On paper, we held all the cards. But then I made a very stupid mistake. The growing cacophony of car horns and abuse behind me was building. Under pressure, I blinked. I moved my car to the side to allow the wall of vehicles to pass. And the moment I did, his other group of friends slipped into the spot.

Then the police arrived. It was now our word against his.

We didn't have a leg to stand on. The police even made my wife erase all the shots she had taken of this bloke barricading car spaces.

Our enemy was gloating. As she deleted each shot, they stood behind the cop and gave my wife the finger.

Right on cue, my 3- week-old baby decided the situation was about to get even worse. Early bowel movements are particularly potent, but this was like nothing I'd ever seen.

Its texture was a bright runny orange, it's movement, like a torrential river from her bum. It breached the borders of her nappy in seconds (The one's that 'don't leak').

Within five minutes, I had filled an entire plastic bag with more than 10 diapers.

Our enemy was rolling on the ground with laughter.

We had to surrender. I said...

"Let's not ruin this for the kids, let's just go and enjoy some rides."

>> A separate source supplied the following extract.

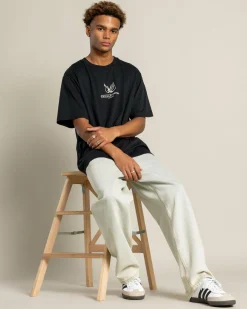 Glory Merch Fit T-Shirt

The enemy sat down to their picnic in the middle of the grassed medium strip. We put the bag of agent orange into the boot and headed off to find a car spot.

Then, an idea dropped.

You know, it sounds petty, but how can we let him get away with that... we could actually utilize that bag of poo.

The good wife's eyes lit up.

We got back to the car about an hour later. A 40-degree boot had the contents of the poo bag steaming.

Very carefully, I removed the bag and made a long incision down the side. Not so deep that everything would instantly spill, but big enough to allow a good release upon impact.

Our enemy had not moved from their picnic spot. As I started the car, my mind began to negotiate with me.

What have you got to gain from this? You are 41 years old, this is just immature. Forget it Adam, just move on.

No... No... No... No!!! This had to be done.

The set up was beautiful. We had a row of cars between us and the enemy's picnic spot.

Our main target was right in my sights. I put the window down. I released the nappy bomb skywards. Through the air it sailed, the height was perfect, it almost seemed to hover above him... before opening up.

I'd have loved to have stayed to see the reaction, but that's the type of behavior that gets you caught.

We had won. And it felt good. Very, very good.

In one foul throw I had wiped away all the missed opportunities of years gone by.